Customer Service at its best!
This is just one of the small little things that Amazon does for its customers that truly differentiates it from other products or services!
My credit card was up for a renewal and naturally my bank provided me with a new credit card which had a new number. What I however forgot was to update my credit card number on Amazon.com and conveniently shopped for a Kindle e-book.

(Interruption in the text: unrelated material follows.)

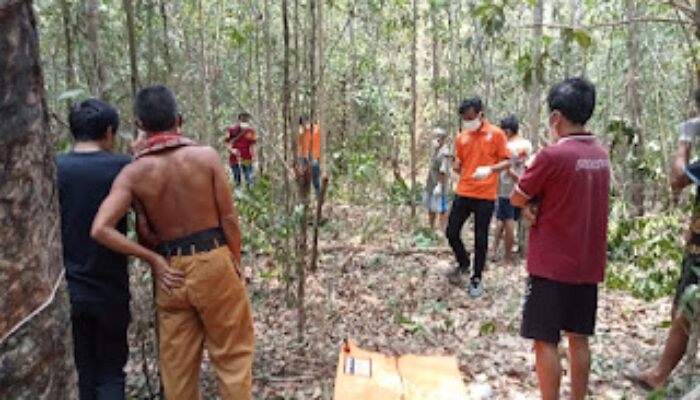 Dinyatakan Hilang Selama Sepekan Pendi Ditemukan Membusuk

Now, as the old credit card number on file with Amazon.com was invalid, Amazon could have easily blocked my purchase of the e-book and frankly that is what many other products or services would have done. Amazon didn’t do that. — Customer Delight #1
Amazon sent me an email stating that there was a problem with them charging my credit card for the purchase that I just made and gave me not 1, 2 or 7 days, but a whole 30 days for me update my credit card number. — Customer Delight #2
Amazon went one step ahead by not withdrawing the e-book from my kindle and allowed me to continue reading it. This thinking of ‘assuming good intentions from your customer’ has just won me over again! I didn’t deliberately hold up on updating my credit card number, I just forgot it. Mediocre businesses would have possibly done the other way round, assuming their customers never had any intentions to pay and would have withdrawn the product or goods until payment was made. — Customer Delight #3
‘Assuming good intentions’ works well in almost any field. When you assume good intentions, you treat your fellow colleagues with more trust and openness. You don’t jump to conclusions when things don’t go your way and you assume there must be some good reason why the opposite person did something that she/he wouldn’t have normally done.
Incidentally the book that I purchased was ‘Snowball: Warren Buffett and the Business of Life’. Warren Buffett as I am told, valued loyalty. Amazon has just made me its loyal customer all over again!